The present study examined sight-singing performance with a limited number of tonal patterns to ascertain if using a syllable system (i.e., solfège), or relating tonal patterns to familiar rote songs, would have an effect on achievement at children’s initial stages of learning sight-singing skills. Based on previous research findings with intervals, patterns, and songs, I hypothesized that the use of both solfège and related songs might facilitate singing accuracy. With children, known songs that can be related to tonal patterns could provide familiar and appealing models to guide aural imagery when decoding the patterns. Based on published music textbook series, second grade is often the level at which students start seeing notation and can begin learning sight-singing skills; therefore, it was from this level that participants were selected for this study. The experimental design permitted comparison of performance with familiar patterns (those practiced in class) and unfamiliar patterns (those read and sung only during sight-singing tests) as well as an examination of retention of skills following a period of no practice. The study addressed the following research questions: (1) What effect does using solfège versus a neutral syllable (loo) to sing tonal patterns during instruction have on sight-singing accuracy with patterns practiced in class? (2) What effect does using solfège versus loo to sing tonal patterns during instruction have on the ability to transfer sight-singing skills to unfamiliar patterns? (3) What effect does relating tonal patterns to songs during instruction have on sight-singing accuracy with patterns practiced in class? and (4) What effect does relating tonal patterns to songs during instruction have on the ability to transfer sight-singing skills to unfamiliar patterns?
Method
Participants
Second-grade students (N = 193, 93 boys and 100 girls) from 12 intact classrooms participated in a program of sight-singing activities during regular general music classes. Ages ranged from 6.25 to 8.75 years (M = 7.5 years, SD = .35). Classrooms were chosen from three public schools in a large urban school district in the Northeastern United States. Each school housed four second-grade classrooms so each of the instructional treatment conditions could be taught within the same school and by the same music teacher. The teachers implementing the instruction had extensive music teaching experience, 18 or more years, and strong educational backgrounds, bachelor’s plus 24 or more graduate credits in music education. All of the teachers stated that they had not used solfège in their first-grade classes during the previous year. Consistency among the teachers in following the instruction procedures was accomplished through preservice and in-service training, through ongoing monitoring of classes by the researcher, and by their following the detailed lesson plans provided. To further assure consistency, each teacher was video-recorded early in the program. The teachers then met as a group to view and discuss all recordings to ensure consistency in teacher implementation of pattern-reading procedures.
Procedures
During weekly, 45-minute music classes, 16 sessions were used to present 25 minutes of sight-singing instruction, involving the children (1) reading and singing tonal patterns and (2) singing specified songs with activities such as singing games. Each classroom of students learned sight-singing skills in one of four randomly assigned instructional treatment conditions. The patterns used and the prescribed sequence of their introduction were consistent across all conditions, with all previously learned patterns reviewed and one new pattern introduced each week. Also, a new song was taught each week by rote using the song text, with two of the groups singing a related song (description follows) and two groups singing an unrelated song. An example of the patterns and the songs used in the study can be seen in Figure 1, and a complete list of the patterns may be found in Reifinger (2009). The students in the related-song groups were guided in recalling the related song when reviewing the patterns. Within each song condition, one group used solfège and the other used loo when singing the tonal patterns. Hence, the treatment conditions were (1) related songs/solfège (n = 50), (2) related songs/loo (n = 40), (3) unrelated songs/solfège (n = 46), and (4) unrelated songs/loo (n = 57).

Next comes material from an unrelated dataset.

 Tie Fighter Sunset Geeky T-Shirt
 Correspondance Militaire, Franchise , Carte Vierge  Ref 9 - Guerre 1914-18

Example of a pattern, related song, and unrelated song used during a lesson
This sight-singing segment of the lesson was standardized across sessions and groups. First, the students reviewed all patterns learned in prior sessions by reading and singing each three times consecutively. They sang silently then aloud on trial one, then echoed the teacher on the next two trials. The guided silent trial encouraged each student to formulate an internal auditory representation of the pitches, which is requisite to both singing the correct pitch and self-monitoring accuracy. The student’s singing that followed was a response to visually presented stimuli rather than an imitation of aurally presented stimuli. Although a student could possibly echo the vocal model without reading on subsequent trials, hearing an accurate aural representation to associate with the visual was essential. The patterns were modeled and echoed at the absolute pitch indicated on the visual. In the related-song conditions, the related song was identified after trial two and that song’s words were used when singing the pattern on trial three. Next, the new pattern was presented, but because it was new, it was modeled and echoed for all three trials. A singing game followed, using the new prescribed related or unrelated song. Near the end of the sight-singing segment, all patterns were practiced for three trials as before, except this time the new pattern was practiced in the same manner as the review patterns.
The patterns, notated on large flash cards, consisted only of five staff lines one inch apart with four pitches indicated by filled-in noteheads. Only do, re, mi, so, or la (moveable-do system) ranging from F4 to D5 were used. No clef, note stems, or words were included. Starting notes of do, mi, or so were used 40%, 20%, and 40% of the time, respectively, similar to frequencies found in song literature for this grade level. The key of F facilitated the reading task, as all notes lay within the staff lines and no accidental or key signature was needed (fa was not used). According to Phillips (1996), tonal patterns should be pitched high enough so that children develop their head voice register, and the range of pitches used with the patterns in this study lay within the appropriate singing range for second-grade children. Each pattern’s corresponding related song included (a) the tonal pattern as the first four notes, (b) the same rhythmic unit for the first four notes, (c) duple meter, and (d) a downbeat beginning. The unrelated song was of similar interest and difficulty level but did not contain the pattern. To sequence the introduction of new patterns, only patterns using so and mi were taught first, starting with the patterns beginning on so. Next, the patterns including la were taught, then do, and, finally, re.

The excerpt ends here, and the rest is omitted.